Throughout this course, we have experienced Baldwin in an open format. We have learned about his life, his struggles, and his work. Without this class though, I would have never know about him. While reading about him, I was able to see how he expresses himself. His books hold a certain sadness in them about family and identity. The source of searching for himself through his work, as well as reading other works and commenting on them. I think that is why I though of Baldwin while reading Lorde.

Reading about how Lorde writes that racism should be responded to with anger, I have to think about the stereotype of ‘Angry Black Women’. In a course I took, Intro to Africana Studies, I wrote about stereotypes that black women typically hold. One of which was the ‘angry black woman’, which tends to go back to times of slavery when they were reinforced in the media. Expression is important as Lorde states by saying ‘Anger is loaded with information and energy.’  Anger is one of the most important emotions because of the fact that there are unresolved things and anger is often the way that people are most likely to see and hear you as a person. I like the sentiment that women of color are more than just their anger, yet their anger is a way of survival, not purely an emotion. It is a way to express themselves. It is also key that everyone shows this anger though, not just women of color, but white women must also stand up and own what they do and say through anger for their gender. Because one race can not start a movement, but a whole gender can. People do not want white women to talk about racism, but it is key in being able to have an open dialogue. Understanding is what is important in being able to take a stand and find understanding between people, and with understanding may come a solution.

The Northern Way

As someone who is proud to be from the north, well as north as New Jersey can be considered. I found it interesting to have the perspective of the north almost thrown in my face. Slavery was nothing more than an economic system to everyone. It was a way to get labor for free, so the profits were astronomical. Yet, the north always seems to almost shade the south to make it seem as thought they are the only ones in the wrong. Yet, this is not the case it is simply a way for the North to make them feel as though they are better than others. The north is often considered pretencious and egotistical, which i can honestly understand. It is a sense that people do not think they can do wrong, just because slaves were free sooner than they were in the south. Yet, the north is just as guilty in the fundamental and continuous enslavement of African Americans.
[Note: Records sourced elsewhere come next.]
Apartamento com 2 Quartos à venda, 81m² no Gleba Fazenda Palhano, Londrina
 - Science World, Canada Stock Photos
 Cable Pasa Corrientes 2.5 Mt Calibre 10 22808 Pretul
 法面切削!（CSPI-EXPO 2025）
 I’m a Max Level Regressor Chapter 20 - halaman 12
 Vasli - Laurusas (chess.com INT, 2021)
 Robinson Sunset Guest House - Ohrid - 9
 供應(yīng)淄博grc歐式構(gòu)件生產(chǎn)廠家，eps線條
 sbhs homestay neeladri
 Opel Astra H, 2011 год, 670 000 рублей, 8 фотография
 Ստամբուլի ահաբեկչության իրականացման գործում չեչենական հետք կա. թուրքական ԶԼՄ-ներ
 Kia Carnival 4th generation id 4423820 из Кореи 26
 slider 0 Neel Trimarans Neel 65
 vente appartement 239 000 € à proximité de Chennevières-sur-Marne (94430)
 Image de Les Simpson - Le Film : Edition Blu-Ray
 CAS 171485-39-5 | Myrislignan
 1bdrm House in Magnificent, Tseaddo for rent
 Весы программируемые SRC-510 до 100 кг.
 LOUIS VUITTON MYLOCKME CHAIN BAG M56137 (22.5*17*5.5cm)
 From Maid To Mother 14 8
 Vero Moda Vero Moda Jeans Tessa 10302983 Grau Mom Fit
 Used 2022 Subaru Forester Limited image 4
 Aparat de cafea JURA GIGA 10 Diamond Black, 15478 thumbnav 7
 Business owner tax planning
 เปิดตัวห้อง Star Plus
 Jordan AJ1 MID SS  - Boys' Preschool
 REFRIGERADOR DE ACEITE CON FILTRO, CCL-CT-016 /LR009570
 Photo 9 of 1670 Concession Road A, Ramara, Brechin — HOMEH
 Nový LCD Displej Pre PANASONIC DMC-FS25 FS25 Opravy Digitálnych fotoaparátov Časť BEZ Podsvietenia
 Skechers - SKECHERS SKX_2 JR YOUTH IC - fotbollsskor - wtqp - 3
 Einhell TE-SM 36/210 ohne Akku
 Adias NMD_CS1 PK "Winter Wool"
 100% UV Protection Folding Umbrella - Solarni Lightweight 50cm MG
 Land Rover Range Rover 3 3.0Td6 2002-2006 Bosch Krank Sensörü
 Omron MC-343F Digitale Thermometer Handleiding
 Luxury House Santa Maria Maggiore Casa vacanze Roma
Just because the north has statues and memorials for powerful African American people, does not mean that everything is okay.

As someone who lives in a consistently blue state, people often feel that everything is okay and they are on the right side of history, but that is truly not the case. So many wrongs have happened in the North, such as Stonewall and many other uprisings int eh North have happened, and still happened including a few black lives matters movements. The case is that the North has a deep rooted history in African-American culture that still continues today, which can also be seen in the education system in the North. Public schools in places such as New York City are often lower on the scale compared to the rest of the country. I also believe that the North has a better sense of accepting the wrongs done throughout history, but often forgets that they had their role as well and do not fully deserve to be put on a pedestal.

The Uses of Anger: Women Responding to Racism 

Audre Lorde’s analysis of the function of anger in combating racism is a refreshing take on the misleading assumption that black women are vessels of indisposable anger. She takes the negative connotation of anger and turns it into a catalyst for change. Women are told every day that they are supposed to look a certain way and act a certain way that does not disrupt the environment that they find themselves in. Women of color are not allowed to react to the racism that they experience, especially in the workplace. I admired how Lorde did not hold back on criticizing how the conference perpetuates racism. She states, “Yet the National Women’s Studies Association here in 1981 holds a conference in which it commits itself to responding to racism, yet refuses to waive the registration fee for poor women and women of Color – for instance, Wilmette Brown, of Black Women for Wages for Housework – to participate in this conference. Is this to be merely another case of the academy discussing life within the close circuits of the academy?” The hypocrisy of organizations meant to promote inclusivity by hosting Lorde as a speaker while simultaneously presenting as an exclusive event is unsurprising. Lorde also states, “Hatred is the fury of those who do not share our goals, and its object is death and destruction. Anger is a grief of distortion between peers, and its object is change.” I found this distinction between anger and hatred to be profound as I have correlated the two. Lorde’s description of anger as a grief of distortions between peers allowed me to understand why anger is a feeling and hatred is acted on. Towards the end of the MLK/FBI documentary it was stated that the fear of black Americans has a lot to do with white people’s own perception of themselves and the danger of black people forcing a reckoning with the violence of the American past. I think that the fear of black anger is the reason why black women are stereotyped as angry individuals and are forced to appear and act without resentment. Lorde’s analysis of anger as a form of protection and change has changed my perspective on how anger should not have to be oppressed to validate the feelings of others, while invalidating your own. Anger is more political than I imagined. 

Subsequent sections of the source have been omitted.